- WHAT THE TASK ASKS -
From the entries below, print exactly the span beginning with the line holding "Il sindaco di" and ending with the line holding "Levi morre devorado", endpoints included, and skip any pictures.

- MATERIAL FOR THIS TASK -
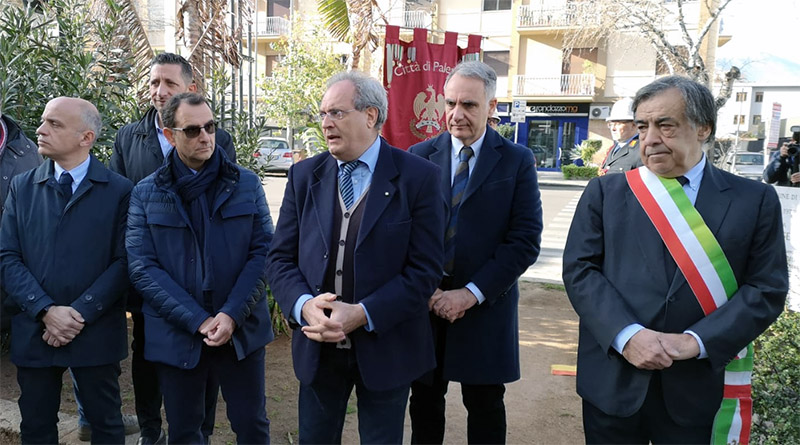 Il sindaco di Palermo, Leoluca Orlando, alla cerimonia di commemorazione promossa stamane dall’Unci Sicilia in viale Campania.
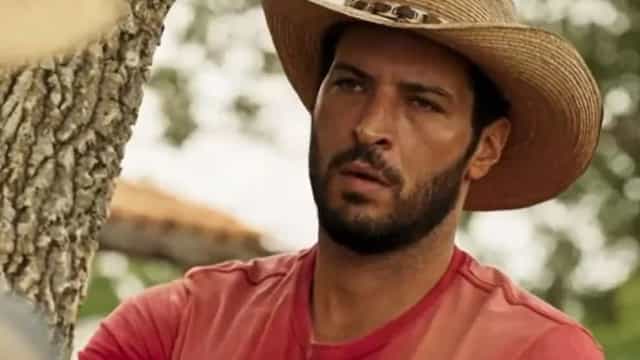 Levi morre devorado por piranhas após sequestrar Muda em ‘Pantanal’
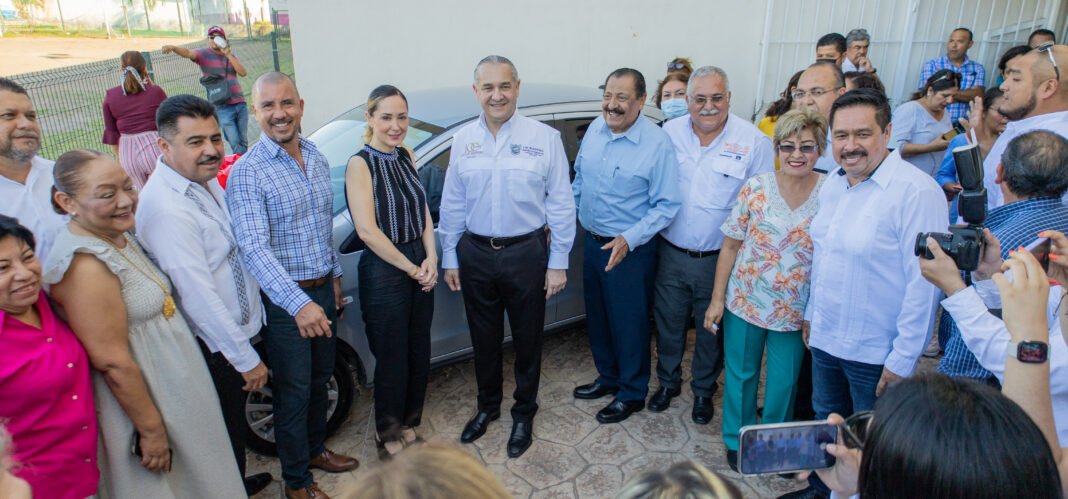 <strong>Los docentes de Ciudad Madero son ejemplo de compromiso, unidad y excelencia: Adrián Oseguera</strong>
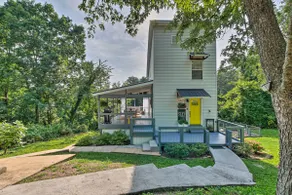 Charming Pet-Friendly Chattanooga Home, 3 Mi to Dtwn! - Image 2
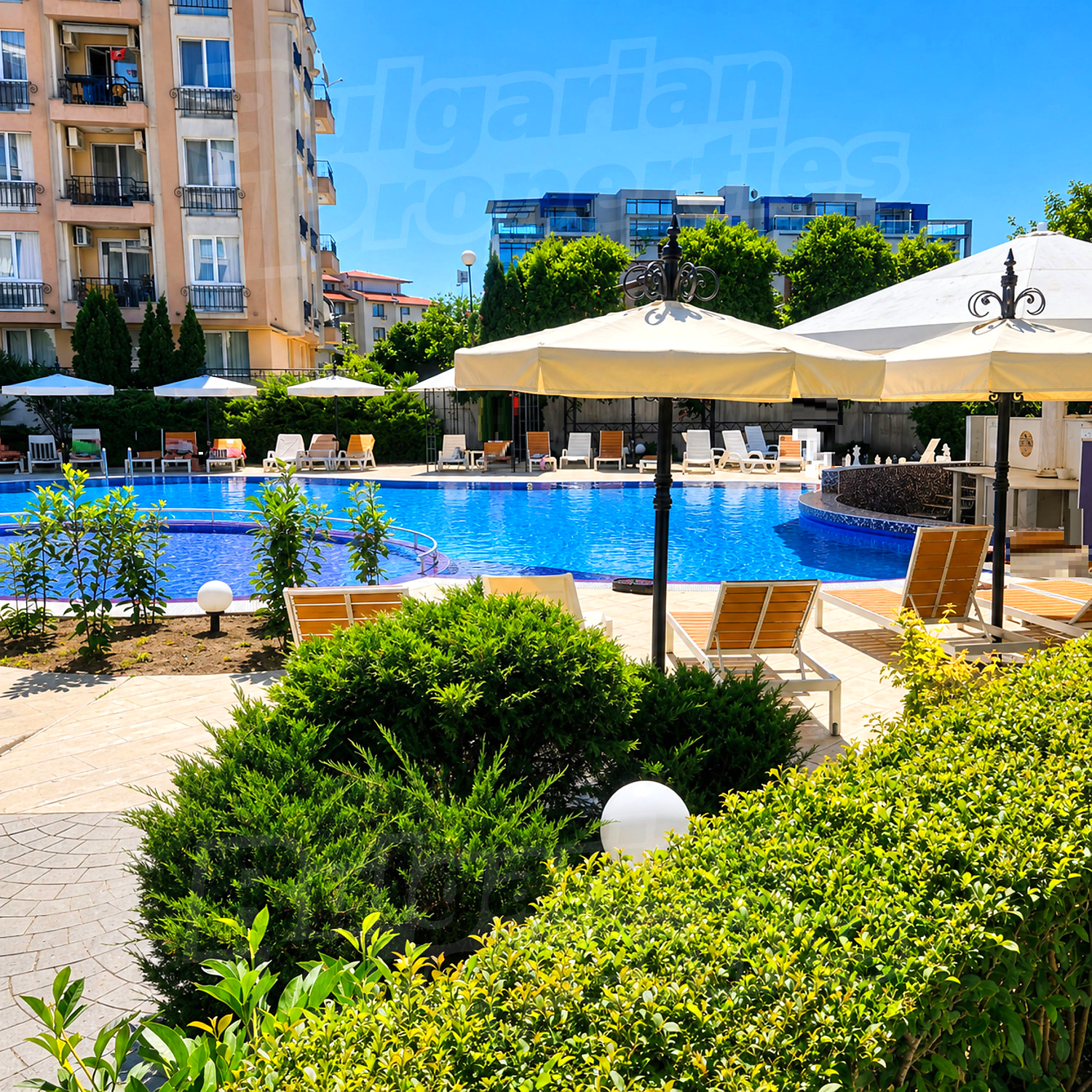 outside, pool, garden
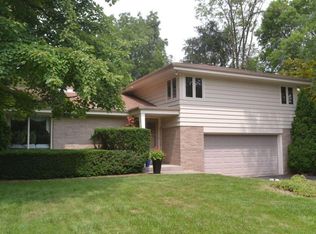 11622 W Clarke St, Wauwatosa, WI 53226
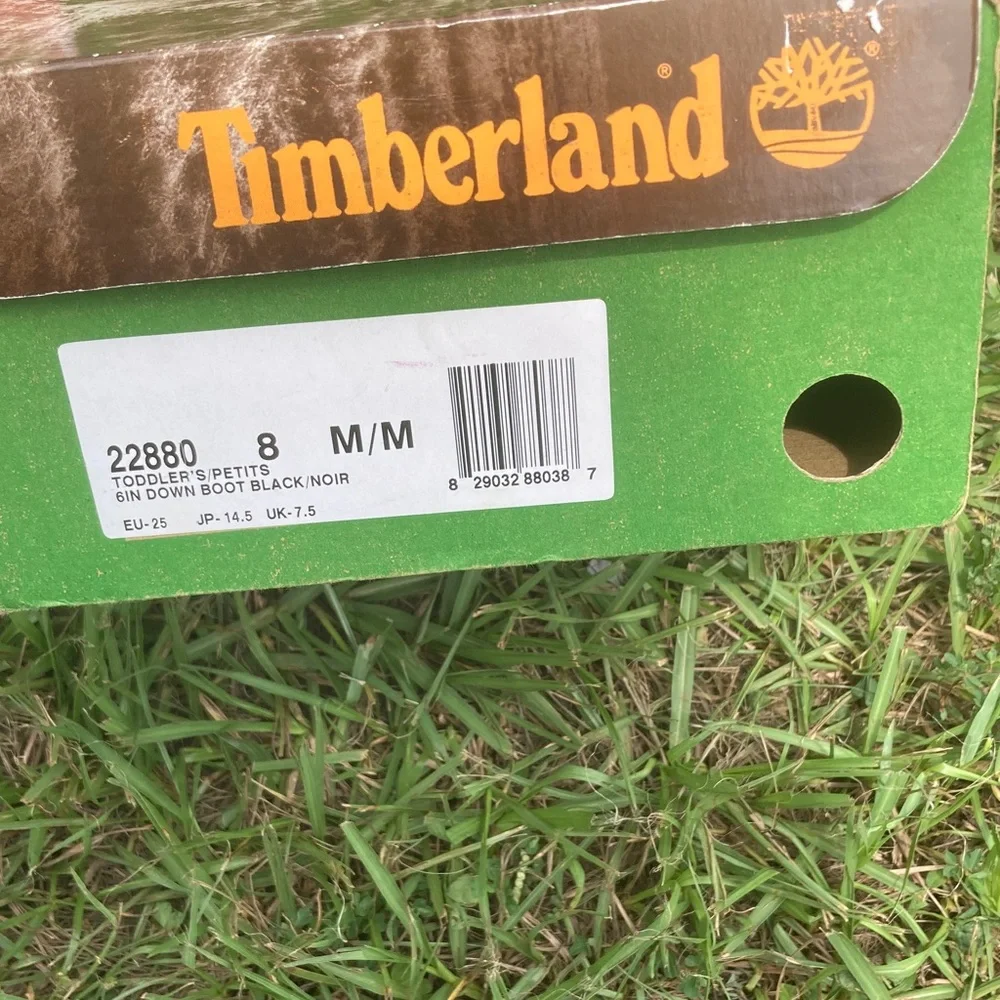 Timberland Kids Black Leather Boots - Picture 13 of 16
---
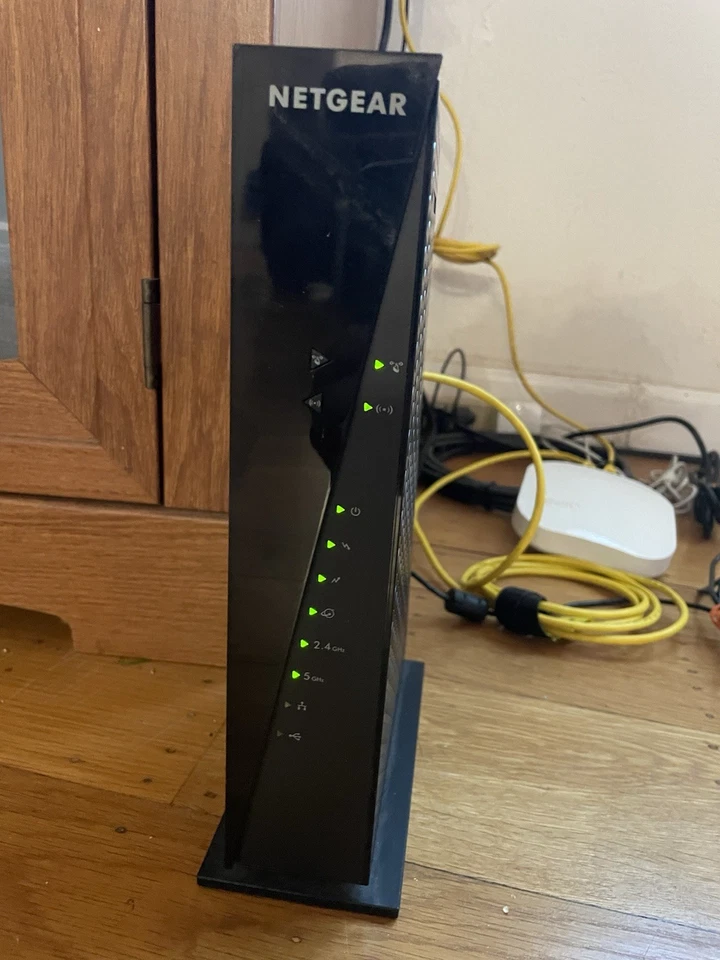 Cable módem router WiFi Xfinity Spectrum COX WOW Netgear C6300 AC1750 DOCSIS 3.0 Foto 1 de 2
==
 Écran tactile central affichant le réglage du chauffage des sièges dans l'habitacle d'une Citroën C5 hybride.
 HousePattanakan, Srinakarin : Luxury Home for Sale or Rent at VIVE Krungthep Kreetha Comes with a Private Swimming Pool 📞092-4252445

- WRITTEN RESPONSE -
 Il sindaco di Palermo, Leoluca Orlando, alla cerimonia di commemorazione promossa stamane dall’Unci Sicilia in viale Campania.
 Levi morre devorado por piranhas após sequestrar Muda em ‘Pantanal’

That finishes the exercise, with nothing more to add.